A recent example was the late April attack in northern Nigeria, when a gunmen reportedly killed at least 21 Christians and wounded 22 in two attacks during worship services held at a university and church.
Experts convey that these types of events are generally not random attacks, as they're often characterized in the media. They are intentional, and they’re designed with sole purpose of eliminating Christianity.
Officials said that Christians are particularly at risk on Christian holy days such as Christmas and Easter. Another case was reported last Christmas when a suicide bomb attack at a church in Madalla killed 44 church members. On December 31, in response to the attacks in northern Nigeria, President Goodluck Jonathan on declared a state of emergency in some areas, deploying the military and other security agencies.
Nigeria is ranked No. 13 on the 2012 Open Doors World Watch List of 50 countries which are the worst persecutors of Christians. According to the World Watch List, Nigeria had at least 300 martyrs in 2011, although the actual number could be doubled or tripled. That number is the most in any country although North Korea could have had more but information is hard to obtain due to the isolation of the communist state.
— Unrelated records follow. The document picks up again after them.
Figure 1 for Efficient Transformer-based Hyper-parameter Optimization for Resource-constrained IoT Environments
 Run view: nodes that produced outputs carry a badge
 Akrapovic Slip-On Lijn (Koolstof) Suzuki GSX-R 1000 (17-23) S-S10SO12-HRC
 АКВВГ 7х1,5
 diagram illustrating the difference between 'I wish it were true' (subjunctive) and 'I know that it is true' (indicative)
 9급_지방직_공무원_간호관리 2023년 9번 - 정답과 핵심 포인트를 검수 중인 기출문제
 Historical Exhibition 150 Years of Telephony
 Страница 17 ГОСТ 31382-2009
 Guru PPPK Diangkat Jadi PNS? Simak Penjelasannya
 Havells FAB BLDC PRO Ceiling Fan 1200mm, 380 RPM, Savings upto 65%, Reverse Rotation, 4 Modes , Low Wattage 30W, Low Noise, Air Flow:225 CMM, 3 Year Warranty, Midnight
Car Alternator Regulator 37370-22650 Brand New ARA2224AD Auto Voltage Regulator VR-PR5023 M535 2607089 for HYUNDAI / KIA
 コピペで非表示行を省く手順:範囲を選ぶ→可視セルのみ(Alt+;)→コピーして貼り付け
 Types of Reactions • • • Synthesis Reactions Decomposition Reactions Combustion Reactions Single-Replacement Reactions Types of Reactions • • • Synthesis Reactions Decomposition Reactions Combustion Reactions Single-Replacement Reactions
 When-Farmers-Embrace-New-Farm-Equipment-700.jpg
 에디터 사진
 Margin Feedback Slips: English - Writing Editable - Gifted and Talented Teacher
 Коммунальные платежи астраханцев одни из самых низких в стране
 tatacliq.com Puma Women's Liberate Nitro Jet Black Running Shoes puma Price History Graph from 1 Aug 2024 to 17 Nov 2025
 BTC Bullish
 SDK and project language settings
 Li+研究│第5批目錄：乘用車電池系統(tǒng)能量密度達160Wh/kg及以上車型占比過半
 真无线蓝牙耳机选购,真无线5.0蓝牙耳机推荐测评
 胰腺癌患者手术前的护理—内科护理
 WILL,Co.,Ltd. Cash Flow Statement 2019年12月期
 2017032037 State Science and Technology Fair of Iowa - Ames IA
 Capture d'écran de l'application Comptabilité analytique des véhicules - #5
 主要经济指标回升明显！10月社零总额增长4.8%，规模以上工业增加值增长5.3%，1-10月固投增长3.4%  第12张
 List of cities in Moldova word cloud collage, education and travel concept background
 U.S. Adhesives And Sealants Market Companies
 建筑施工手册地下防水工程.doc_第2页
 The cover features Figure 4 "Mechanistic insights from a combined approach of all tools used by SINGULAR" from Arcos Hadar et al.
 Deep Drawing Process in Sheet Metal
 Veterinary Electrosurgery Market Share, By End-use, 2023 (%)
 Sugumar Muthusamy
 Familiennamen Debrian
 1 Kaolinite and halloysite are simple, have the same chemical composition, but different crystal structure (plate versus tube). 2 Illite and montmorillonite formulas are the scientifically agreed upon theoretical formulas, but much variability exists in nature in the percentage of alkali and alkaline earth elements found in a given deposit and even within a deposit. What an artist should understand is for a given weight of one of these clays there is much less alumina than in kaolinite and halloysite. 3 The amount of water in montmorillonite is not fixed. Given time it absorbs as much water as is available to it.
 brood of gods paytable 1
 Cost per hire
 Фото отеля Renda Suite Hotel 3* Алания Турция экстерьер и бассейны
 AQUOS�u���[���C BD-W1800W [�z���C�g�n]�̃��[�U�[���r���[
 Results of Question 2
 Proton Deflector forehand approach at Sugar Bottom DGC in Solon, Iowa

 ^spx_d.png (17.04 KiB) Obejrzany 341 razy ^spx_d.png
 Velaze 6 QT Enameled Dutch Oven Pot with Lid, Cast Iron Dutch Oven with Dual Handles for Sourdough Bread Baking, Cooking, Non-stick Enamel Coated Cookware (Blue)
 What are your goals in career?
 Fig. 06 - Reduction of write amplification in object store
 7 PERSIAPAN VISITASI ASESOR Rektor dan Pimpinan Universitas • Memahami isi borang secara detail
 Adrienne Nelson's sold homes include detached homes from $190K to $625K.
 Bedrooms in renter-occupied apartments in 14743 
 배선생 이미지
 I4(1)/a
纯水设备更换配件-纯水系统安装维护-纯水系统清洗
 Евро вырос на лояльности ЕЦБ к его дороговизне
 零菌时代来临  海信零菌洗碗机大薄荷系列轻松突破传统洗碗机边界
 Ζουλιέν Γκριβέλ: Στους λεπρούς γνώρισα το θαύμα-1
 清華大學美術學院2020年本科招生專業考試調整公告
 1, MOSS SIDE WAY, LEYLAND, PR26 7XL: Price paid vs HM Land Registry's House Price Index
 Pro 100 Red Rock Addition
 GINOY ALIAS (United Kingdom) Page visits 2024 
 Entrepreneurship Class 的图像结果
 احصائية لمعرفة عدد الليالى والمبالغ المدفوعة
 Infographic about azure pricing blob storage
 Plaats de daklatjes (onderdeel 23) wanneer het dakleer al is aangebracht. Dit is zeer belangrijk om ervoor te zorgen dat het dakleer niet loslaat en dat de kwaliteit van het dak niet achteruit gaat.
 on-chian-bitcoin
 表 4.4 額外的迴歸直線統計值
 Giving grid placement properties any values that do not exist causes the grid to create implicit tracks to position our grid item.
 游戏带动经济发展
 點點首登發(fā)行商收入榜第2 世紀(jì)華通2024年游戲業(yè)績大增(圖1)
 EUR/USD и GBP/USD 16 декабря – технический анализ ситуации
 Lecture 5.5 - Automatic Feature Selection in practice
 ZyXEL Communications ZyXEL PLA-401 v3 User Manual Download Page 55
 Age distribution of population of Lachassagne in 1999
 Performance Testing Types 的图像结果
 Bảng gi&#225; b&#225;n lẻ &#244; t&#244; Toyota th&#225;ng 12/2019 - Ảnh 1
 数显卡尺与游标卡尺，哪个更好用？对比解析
Middle East experts and international freedom organizations agree that another widely publicized case – Youcef Nadarkhani's case – is one that has caused the worldwide community to transcend politics in support for the Iranian Christian pastor, proving there is heightened awareness for religious freedom. Nadarkhani has been awaiting a final decision on his death sentence for his faith.
Elsewhere around the world – in places like Syria and Egypt – Christians and other minorities are dying for their faith. In the United States, there has been a gradual eroding of religious freedoms.
Last month the U.S. Commission on International Religious Freedom (USCIRF) included Egypt, Eritrea, Iraq, Iran, Nigeria, Pakistan, Saudi Arabia and Sudan among 16 countries on its “Countries of Particular Concern” list. The report said that “across the global landscape, the pivotal human right of religious freedom was under escalating attack.”